Below are the slides from my Rutgers seminar for the Department of Statistics and Biostatistics yesterday, since some people have been asking me for them. The abstract is here. I don’t know how explanatory a bare outline like this can be, but I’d be glad to try and answer questions[i]. I am impressed at how interested in foundational matters I found the statisticians (both faculty and students) to be. (There were even a few philosophers in attendance.) It was especially interesting to explore, prior to the seminar, possible connections between severity assessments and confidence distributions, where the latter are along the lines of Min-ge Xie (some recent papers of his may be found here.)

**“Probing with Severity: Beyond Bayesian Probabilism and Frequentist Performance”**

[i]They had requested a general overview of some issues in philosophical foundations of statistics. Much of this will be familiar to readers of this blog.

Mayo, Thank you for visiting us. We really enjoyed your talk. It received many nice feedbacks from both our faculty and students.
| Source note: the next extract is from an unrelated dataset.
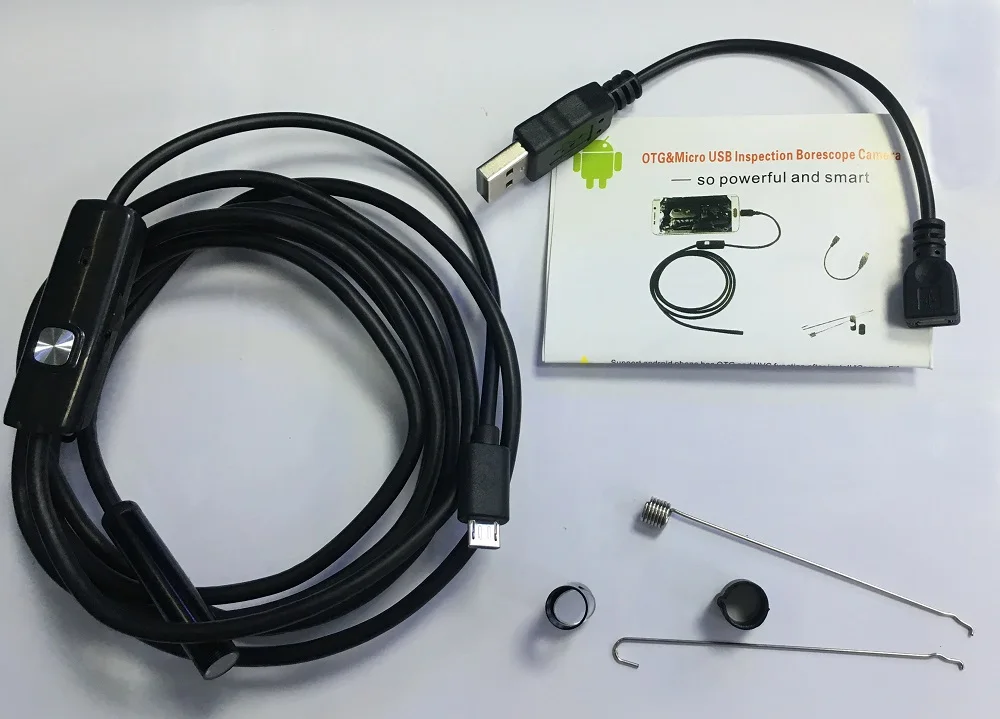 Камера Эндоскоп HD 8 мм водостойкая 6 шт.|endoscope camera|micro usb camerausb camera |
Statisticians and philosophers often work isolatedly, even though we share many common ideas and have common goals. I think more communications will definitely benefit both our disciplines. I look forward to keeping up our communications. Cheers to all!

I will check out the slides and the abstract this weekend

Mayo, Read these slides online, with interest. For me it was the clearest explanation of your positions I’ve seen so far. http://www.slideshare.net/jemille6/mayo-2014-rutgers-1?redirected_from=save_on_embed In case of interest, I noted a minor error on 51: You say “you would erroneously interpret data with probability 0.0000003” but you should have added “if H0 were true”, which you mention on 52. Also, there seems to be another omission on 63: “Probativism says H is not justified unless something has been done to probe ways we can be wrong about H.” Only “something”? Like reading chicken entrails? Surely you require something more than just “something” (which reads as if it were anything at all). Best Wishes, Sander

Hi Sander: Good to hear from you.

First I should say that these slides were just notes, and I got through them (without rushing) in a mere 45 minutes, as intended. In short, I left out a lot and just told the story in my on words. I really shouldn’t post things like this because they are just rather sloppy outlines for me (and the audience), and not intended to be quoted. It’s only because some people asked for them. There’s a paper or two or three with most of this material that I can link to (e.g.,from the RMM volume).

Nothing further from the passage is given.